Cuando el marido se fue a trabajar, la mujer abrió el cofre y vio en él a una mujer cuyos rasgos le resultaban familiares pero no lograba saber de quién se trataba. De ahí surgió una gran pelea matrimonial, pues la esposa decía que dentro del cofre había una mujer, y el marido aseguraba que estaba su padre.

En ese momento pasó por allá un monje muy venerado por la comunidad, y al verlos discutir quiso ayudarlos a poner paz en su hogar. Los esposos le explicaron el dilema y lo invitaron a subir al desván y mirar dentro del cofre. Así lo hizo el monje y, ante la sorpresa del matrimonio, les aseguró que en el fondo del cofre quien realmente reposaba era un monje zen.

La cólera de un particular

El Rey de T’sin mandó decir al Príncipe de Ngan-ling:

–A cambio de tu tierra quiero darte otra diez veces más grande.

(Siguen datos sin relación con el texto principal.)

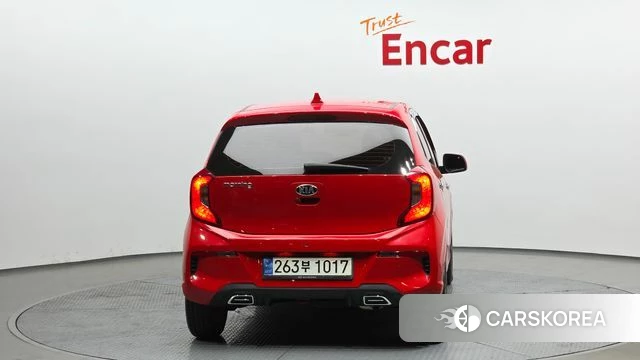 Kia Morning Urban (JA) id 4283630 из Кореи 28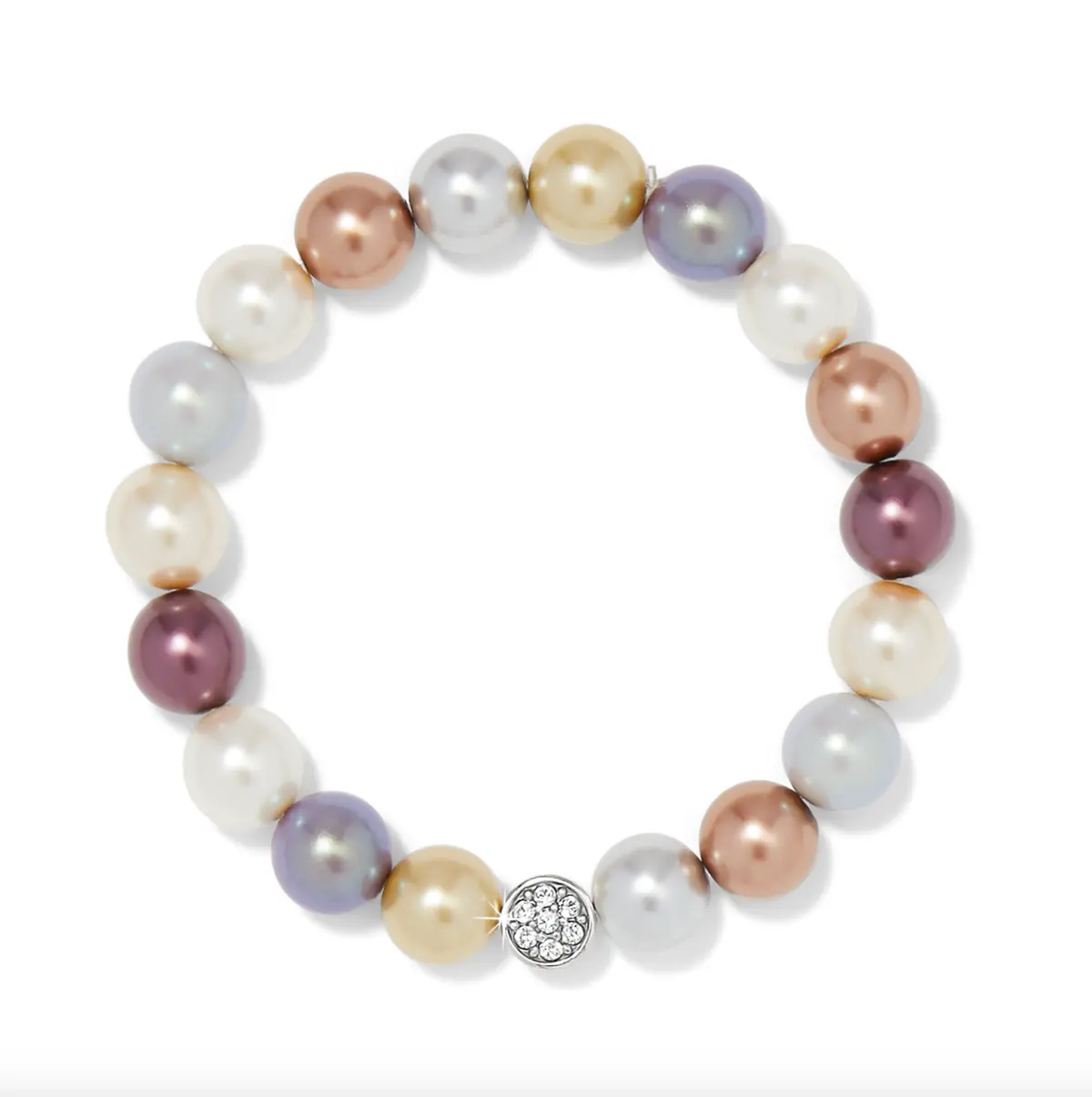 Pearl-Icious Stretch Bracelet 1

Te ruego que accedas a mi demanda.

El Príncipe contestó:

–El Rey me hace un gran honor y una oferta ventajosa. Pero he recibido mi tierra de mis antepasados príncipes y desearía conservarla hasta el fin. No puedo consentir en ese cambio.

El Rey se enojó mucho, y el Príncipe le mandó a T’ang Tsu de embajador. El Rey le dijo:

–El Príncipe no ha querido cambiar su tierra por otra diez veces más grande. Si tu amo conserva su pequeño feudo, cuando yo he destruido a grandes países, es porque hasta ahora lo he considerado un hombre venerable y no me he ocupado de él. Pero si ahora rechaza su propia conveniencia, realmente se burla de mí.

T'ang Tsu respondió:

–No es eso. El Príncipe quiere conservar la heredad de sus abuelos. Así le ofrecieras un territorio veinte veces, y no diez veces más grande, igualmente se negaría.

El Rey se enfureció y dijo a T’ang Tsu:

–¿Sabes lo que es la cólera de un rey?

–No –dijo T’ang Tsu.

–Son millones de cadáveres y la sangre que corre como un río en mil leguas a la redonda –dijo el Rey.

T’ang Tsu preguntó entonces:

–¿Sabe Vuestra Majestad lo que es la cólera de un simple particular?

Dijo el Rey:

–¿La cólera de un particular? Es perder las insignias de su dignidad y marchar descalzo golpeando el suelo con la cabeza.

–No –dijo T'ang Tsu–, esa es la cólera de un hombre mediocre, no la de un hombre de valor. Cuando un hombre de valor se ve obligado a encolerizarse, como cadáveres aquí no hay más que dos, la sangre corre apenas a cinco pasos. Y, sin embargo, China entera se viste de luto. Hoy es ese día.

Y se levantó, desenvainando la espada.

El Rey se demudó, saludó humildemente y dijo:

–Maestro, vuelve a sentarte. ¿Para qué llegar a esto? He comprendido.